U.S. Pat. No. 6,626,249 describes a drilling and recovery geothermal system that comprises a drilling rig having a riser with laser and radar perforation assembled in said elevator, drilling pipe, rotatory mirror assembled adjacent to the lower end of said drilling pipe and devices to establish vacuum adjacent to said lower end of the drilling pipe in order to remover and recover heat and drilling waste.
U.S. Pat. No. 6,755,262 relates to a well drilling apparatus that can be at least partially placed in a drilling well. The apparatus includes a plurality (bundle) of optical fibers. Light energy that is input at one end of each fiber is transmitted through all of them, leaving the bundle to impinge upon at least one lens. The focal lens contains a plurality of focal elements, each one of them arranged to receive the output light energy of at least one of the optical fibers in the bundle, focusing the combined light energy beam in order to break and melt rock.

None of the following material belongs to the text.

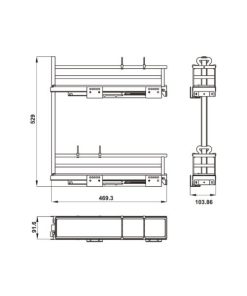 Rổ kéo để chai lọ Hafele 200mm phiên bản phải 549.20.841 - 9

U.S. Pat. No. 6,870,128 describes the well drilling method with laser beam, the method comprising guiding the laser beam inside a conduit, where the laser beam is guided through the conduit by internal reflectivity of said conduit, and extending the conduit inside the well, so that the laser beam exiting the conduit is guided over to the area in the well to be drilled. A system for drilling a well with a laser beam is also provided, the system comprising a device to guide the laser beam inside the conduit, wherein the laser beam is guided through the conduit by internal reflectivity of said conduit, and device to extend the conduit inside the well, so the laser beam exiting the conduit is guided to an area in the well to be drilled. The invention further provides an apparatus composed of a conduit that can be extended inside the well, and the surface inside the conduit, where the internal surface is reflective to the laser beam.

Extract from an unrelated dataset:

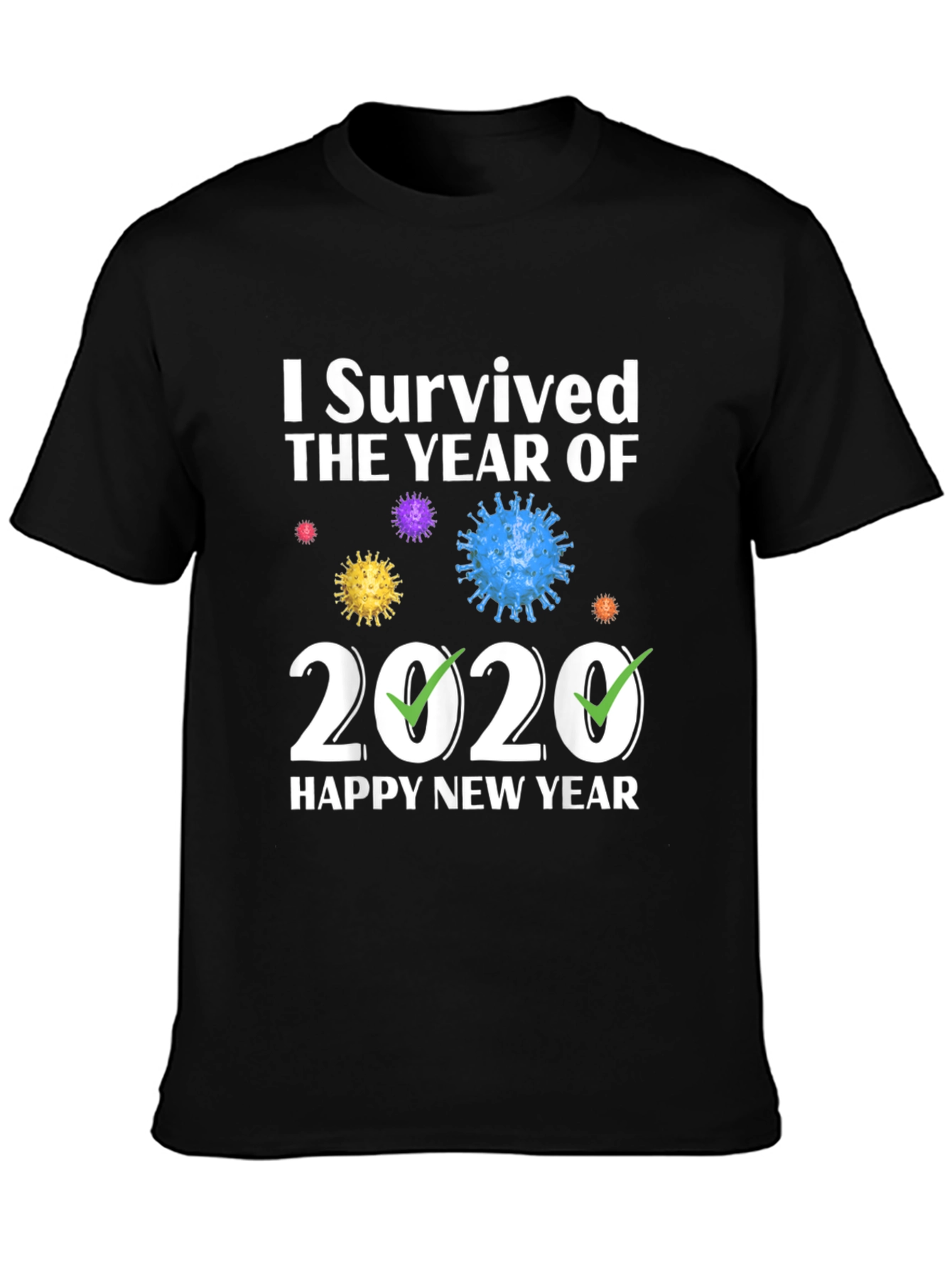 Black I Survived 2020 Happy New Year T-Shirt view 3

U.S. Pat. No. 6,888,097 B2 describes an apparatus for drilling holes in the lateral wall of a well, the apparatus including an optical fiber cable with an end for laser input and an end for laser output. A source of laser is connected to the end of the laser input and a laser head is connected to the end of the laser output. The laser head includes a laser control component to control at least a feature of the laser beam. Control elements in the laser head to control the movement and localization of the laser head are connected to the optical fiber cable. The laser head is protected in a slot that protects the optical fiber cable and elements as reflectors and lens to control the laser beam emitted by optical fiber cable there arranged, from the aggressive environment found in underground operations.
U.S. Pat. No. 7,147,064 describes a drilling apparatus to drill a well having a drilling bit set that includes a laser cutting assembly and a vacuum assembly. The vacuum assembly is adapted to collect gases generated by the laser cutting assembly near the drilling bit set during the drilling operation. A chromatographic analyzer can thus be applied to process the collected gases in order to determine features of the rock formation being drilled.

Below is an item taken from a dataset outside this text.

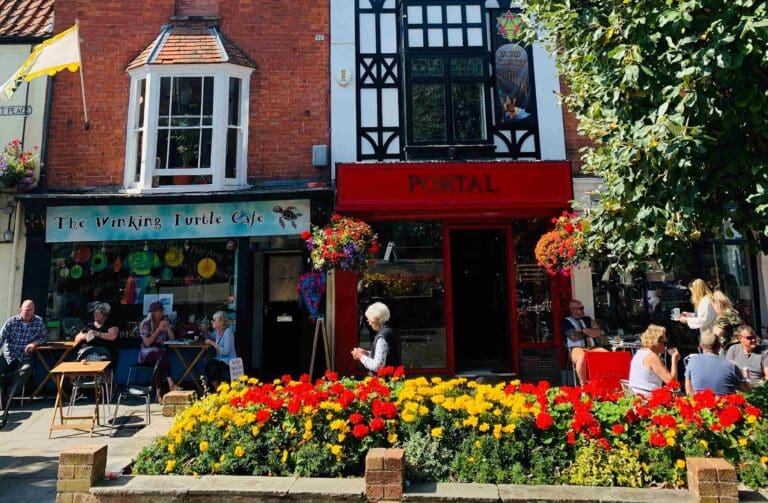 Glastonbury high street shop fronts.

U.S. Pat. No. 7,487,834 describes a method for well drilling with a high power laser intended to provide a laser beam to the well production zone in order to perforate the casing, cement layer, and reservoir rock, generating high permeability lateral penetrations in the formation to increase gas and/or oil flow into the well. An optical fiber cable delivers the laser beam to the laser perforator positioned in the production zone. The cable is curved at an angle around 90 degrees and arranged in the desired beam orientation and profile. A cutting nozzle in the perforating end provides a cleaning flow to: 1) remove from the well droplets of molten metal, cement, and rock fragments that can block the laser beam; and 2) create a free pathway through the well liquids, allowing the beam to reach the target surface during perforating.
U.S. Pat. No. 7,416,258 describes equipment and a method to use lasers in order to break and drill rocks. A group of laser beams is steered in a controlled way by an electro-optical key onto locations at the rock surface, creating multiple holes and removing a layer of rock with the desired diameter. Only a single laser beam, irradiating about 1000 to 5000 W/cm2, spalls the rock. Breaking consecutive layers of rock through an intermittent motion of the laser head, in a direction perpendicular to the surface just drilled, increases depth of the borehole.
US Patent Publication No. 20100078414 A1 relates to an apparatus for underground drilling having at least one optical fiber to transmit light energy from an energy laser source arranged above the ground towards an underground drilling location and a mechanical drill bit having at least one cutting surface and forming at least a light transmission channel aligned to transmit the light from at least one optical fiber through a mechanical drill bit using at least one light transmission channel. It is alleged the equipment developed is especially proper for non-vertical wells.
U.S. Pat. No. 9,062,499 of the same authors of the present document, describes an optical drill head (104) integrated to a laser drilling system. However, this patent does not describe details of said optical drill head.
It is important to highlight that even in the inventions that propose the use of optical fiber(s) to deliver high intensity laser light to the bottom hole of a well, there is no practical demonstration of this possibility when long lengths of fiber are considered (deep wells, i.e., >hundreds of meters). The main reason for this is the non-linear phenomenon induced during high intensity laser light propagation through long lengths of fiber, which is responsible for attenuating the guided light, degrading fiber transparency, and, depending on the energy density and/or peak energy inside the fiber, generating permanent damage in the optical fiber. This is a classic problem in the field of guided optics, and many research groups and companies have been making efforts to reduce or eliminate them. In this respect, see the summary by A. Mendes and T. F. Morse, “Specialty Optical Fibers Handbook”, Chapter 22, pp. 671-696, Elsevier Publisher, 2007.
Among several laser technologies, it is important to highlight the optical fiber-laser development, where high intensity laser light is generated inside the optical fiber itself. This laser is compact and in general does not require cooling, even when operating with high intensities (≧1 kW). Furthermore, light intensity losses generated when coupling the laser outlet to the conducting optical fiber (responsible for guiding the high intensity laser light through long distances up to the region of interest) are now minimal, as, in the case of fiber lasers, there is a fiber-fiber coupling instead of one of fiber with free space.
Regarding the laser light wavelength, it is noted the commercial availability of high power lasers with various different wavelengths (from ultraviolet to infrared, depending on the active element and on the laser cavity design), and of lasers with tunable wavelength. This means that, depending on the material to be drilled, it is possible to use the drilling wavelength coinciding with the absorption range of this material. This significantly increases the process efficiency. Thus, during the drilling it is possible to select in real time the more appropriate laser light wavelength to the material being drilled. This is another technological advantage of laser drilling over the conventional mechanical systems employed today in the oil and gas industry.
Therefore, it would be advantageous that the art had one laser drilling equipment able to generate high intensity light in a downhole module with embedded lasers, such light being guided through optical fibers, along a distance short enough to avoid undesirable nonlinear effects, up to one optical drill head, such head being the mechanical component that supports optical fibers, provides geometrical control to high intensity light action and promotes the drilling system interface with the rock surface to be drilled.
Regarding the researched literature, no documents anticipating or suggesting the teachings of the present invention were obtained, so the solution here proposed has novelty and inventive step toward to the state of the art.